Yes, it’s a bit much sometimes, and seriously oversimplified. Still, Rufus’ declaration that there “is literally nowhere in history that would be awesome for me” manages the nifty trick of being both true and funny. Also promising: the show’s willingness to take an occasional light touch (the brief bus mention), and to at least indirectly acknowledge the privilege of others (Lucy’s advice to Rufus when they enter the bar is seriously cringe-inducing). Not everything Ryan and Kripke have laid their hands on has turned to gold, but they’re neither of them fools, and moments like those serve as reminders that they can really knock it out of the park when given the opportunity.

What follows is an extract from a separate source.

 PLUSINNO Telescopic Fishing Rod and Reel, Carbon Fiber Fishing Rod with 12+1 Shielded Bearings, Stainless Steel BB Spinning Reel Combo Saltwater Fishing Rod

This doesn’t seem like that sort of situation. Hopefully, that’s an incorrect impression—flawed though it may be, Timeless has its charms, and the pedigree of those involved certainly means great things are possible—but there’s something here that smacks of too many cooks in the kitchen, of trying to be all things to all people. This isn’t Doctor Who, but nor is it Chicago Fire. It isn’t invested in its own weirdness, but it’s too weird to be run-of-the-mill. It’s not total fluff, but it isn’t prestige TV, either. So what is it, exactly? Timeless itself doesn’t seem to know.
- Hi! I’m Allison, and I’ll be in the Lifeboat with you for weekly TV coverage of Timeless. Looking forward to reading all your best Doctor Who jokes in the comments. (Spoilers.)
- Of the several teases poked in here and there, I’m most interested in Rufus the spy and least interested in Wyatt’s deep dark sad stuff.
- Why was no one concerned about the kidnapped doctor and supporter of Taco Tuesday, a man that IMDb tells me is named Anthony Bruhl? (More importantly, is it because they recognize him as Dr. Aldous Leekie and thus know he is up to no good?)
- This show seems to have a lockdown on reliable supporting characters from other series. We’ve got Hiro Kanagawa (iZombie), Sakina Jaffrey (Mr. Robot), Paterson Joseph (The Leftovers)… anyone I skipped? Was that Susanna Thompson (Arrow)?
- I’ll tell you who I skipped: David Sutcliffe—who is a fine actor and probably a very nice person but who will always be Christopher Hayden to me and thus will always be unwelcome—shows up as Lucy’s boss/paramour.
- Just now realizing I went the length of the entire review without mentioning the antagonist. Sorry, Goran Visnjic, but sometimes opacity makes a character forgettable, rather than mysterious
- Time-travel killjoy observation of the week: So, they can’t go back and try again because if you go to a place where you could meet your double, bad things happen. Right. So why don’t they just send back another history professor, another soldier, and another person who works for Mason? Feel free to add your own personal nerdy nit-picks below. I love ’em.